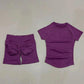 Purple women's workout set with ruched shorts and short-sleeve top for fitness fashion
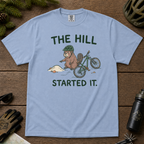 Flat lay of a washed denim blue t-shirt with a humorous mountain biking design showing an annoyed beaver blaming a dirt hill beside its bike.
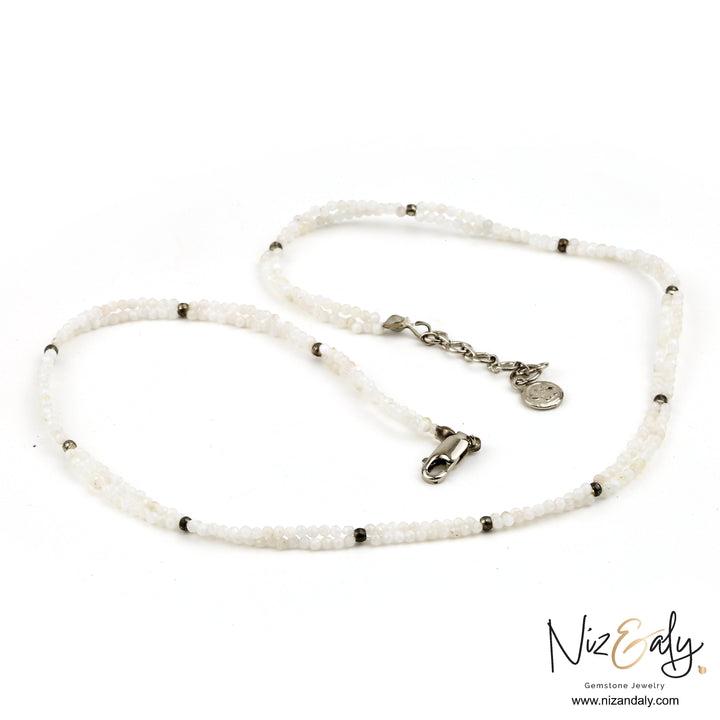 Niz & Aly dainty double-strand necklace featuring luminous milky quartz beads and silver-tone metal accents.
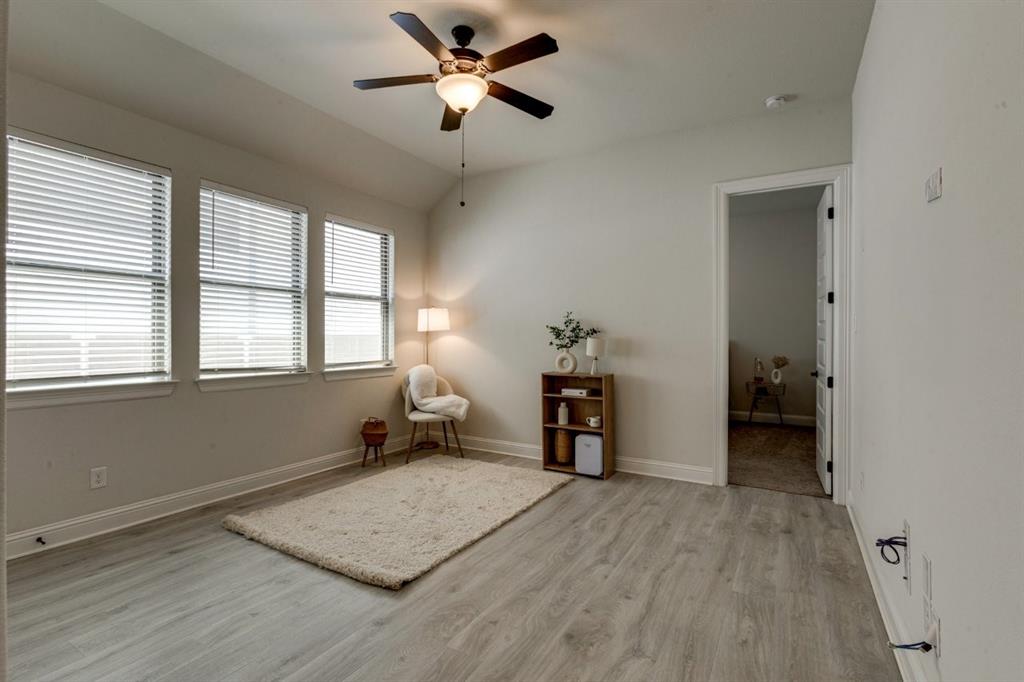 9613 Boulder Pt Road Oak Point, TX 75068 - Photo 22 of 28 Vaulted ceiling room featuring light wood-finish flooring, three large windows with horizontal blinds, a ceiling fan with integrated lighting, and white baseboards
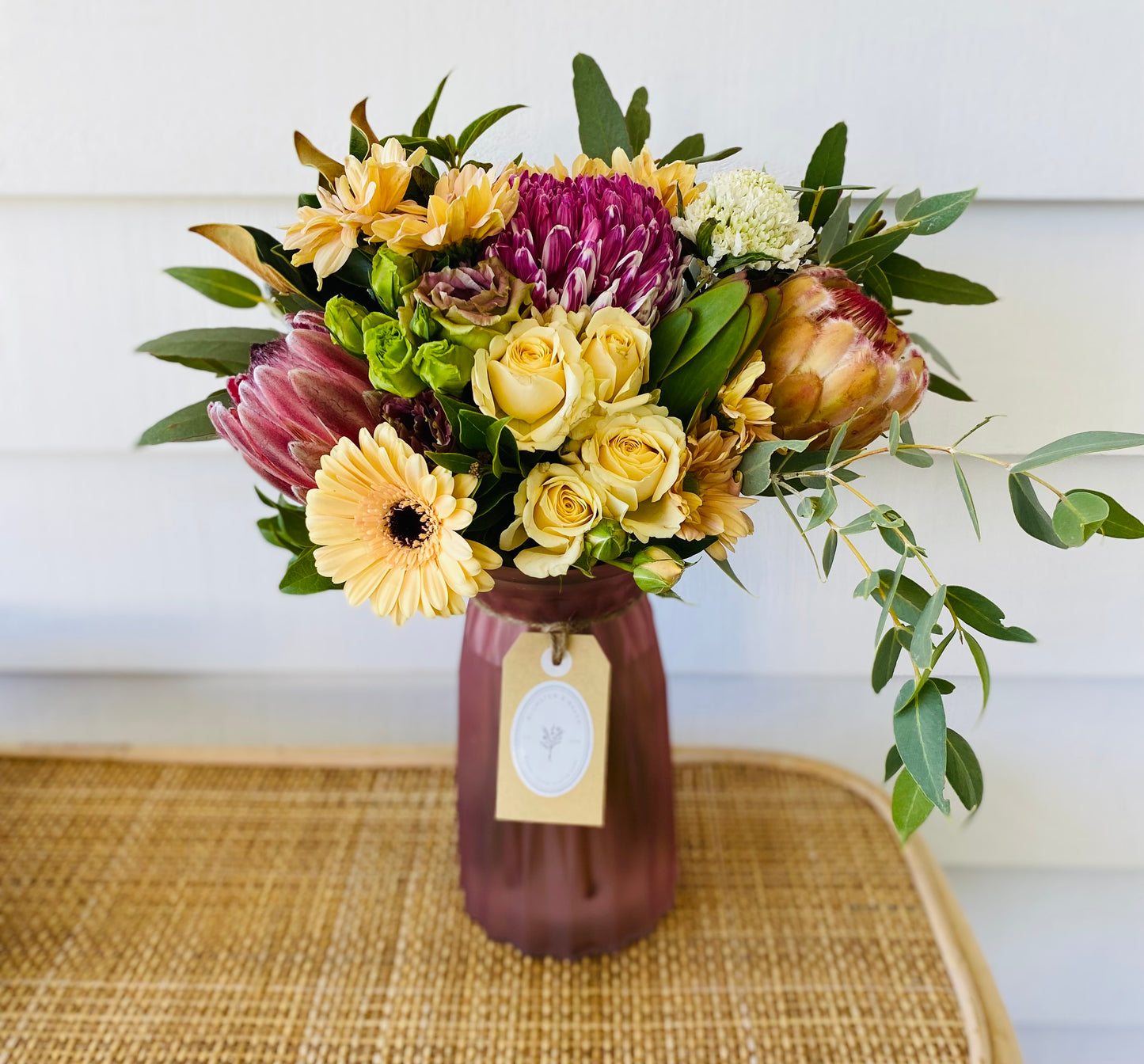 Mixed posy in glass vase in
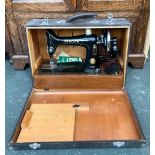 A vintage 99K Singer sewing machine, serial no. EK598051, in wooden carry case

---------------

### Directions for this task
All lines from the one containing "Mixed posy in glass vase in" through the end of the entries, both ends included, should be written out exactly, with no pictures.

### The completed task
 Mixed posy in glass vase in
 A vintage 99K Singer sewing machine, serial no. EK598051, in wooden carry case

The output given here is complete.